Now that we have our environment and agents set up, let's implement the training loop.

In [None]:
n_episodes = 1000
max_steps = 100
episode_rewards = []

for episode in range(n_episodes):
    state = env.reset()
    episode_reward = 0
    
    for step in range(max_steps):
        actions = [agent.get_action(s) for agent, s in zip(agents, state)]
        next_state, rewards, done, _ = env.step(actions)
        episode_reward += sum(rewards)
        
        for i, agent in enumerate(agents):
            agent.update(state[i], actions[i], rewards[i], next_state[i], done)
        
        state = next_state
        
        if done:
            break
    
    episode_rewards.append(episode_reward)
    
    if episode % 100 == 0:
        print(f"Episode {episode}, Avg Reward: {np.mean(episode_rewards[-100:]):.2f}")

# Plot the learning curve
plt.plot(episode_rewards)
plt.title("Learning Curve")
plt.xlabel("Episode")
plt.ylabel("Total Reward")
plt.show()

## Evaluation

Let's evaluate our trained agents by running a few episodes and visualizing their behavior.

In [None]:
def evaluate(env, agents, n_episodes=5):
    for episode in range(n_episodes):
        state = env.reset()
        done = False
        step = 0
        
        while not done and step < 100:
            env.render()
            actions = [agent.get_action(s) for agent, s in zip(agents, state)]
            state, _, done, _ = env.step(actions)
            step += 1
        
        print(f"Episode {episode + 1} finished in {step} steps")

evaluate(env, agents)

## Conclusion

In this notebook, we've implemented a basic Predator-Prey Pursuit scenario using Independent Q-Learning with parameter sharing.
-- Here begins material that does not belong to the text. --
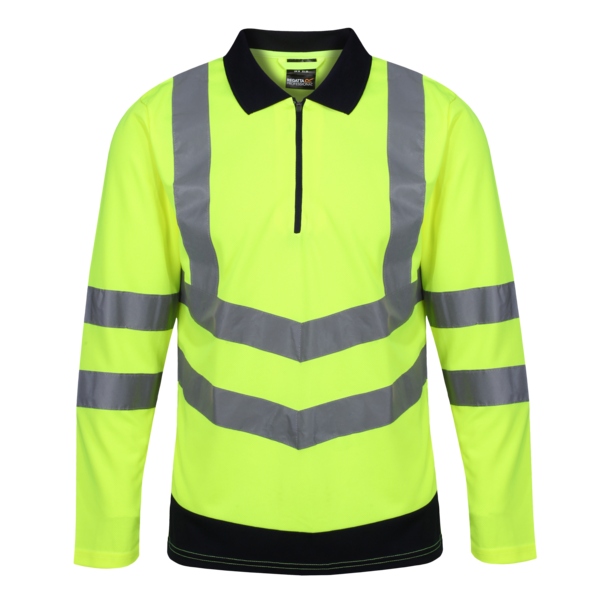 Mens Regatta Hi Vis Long Sleeve Polo Shirt - TRS192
We've seen how multiple agents can learn to cooperate to capture prey in a grid world environment.

Some observations and potential improvements:

1. The agents learn to pursue and capture prey, but their strategy might not be optimal.
2. We could improve coordination by implementing more advanced MARL techniques like QMIX or MADDPG.
3. The environment is relatively simple. We could increase complexity by adding obstacles or giving prey more sophisticated evasion strategies.
4. We're using a simple feedforward neural network. Recurrent neural networks (RNNs) might perform better by allowing agents to remember past observations.
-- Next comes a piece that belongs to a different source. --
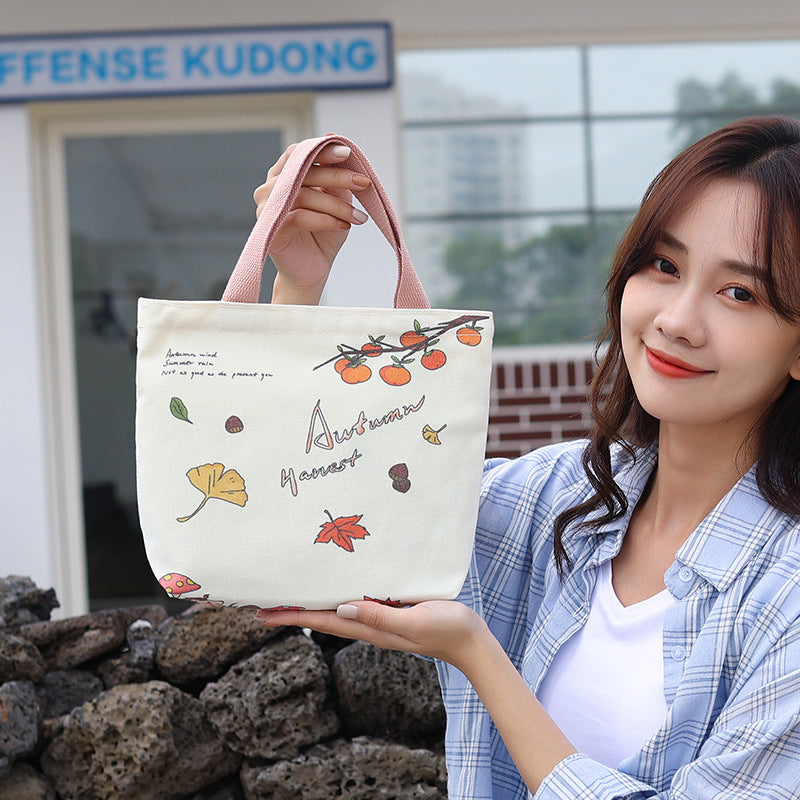 Women's Cute Cartoon Canvas Tutorial Lunch Size Handbags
In the next notebooks, we'll explore more complex scenarios and advanced MARL techniques to address some of these limitations.

## References

1. Tan, M. (1993). Multi-agent reinforcement learning: Independent vs. cooperative agents. In Proceedings of the tenth international conference on machine learning (pp. 330-337).
2. Tampuu, A., Matiisen, T., Kodelja, D., Kuzovkin, I., Korjus, K., Aru, J., ... & Vicente, R. (2017). Multiagent cooperation and competition with deep reinforcement learning. PloS one, 12(4), e0172395.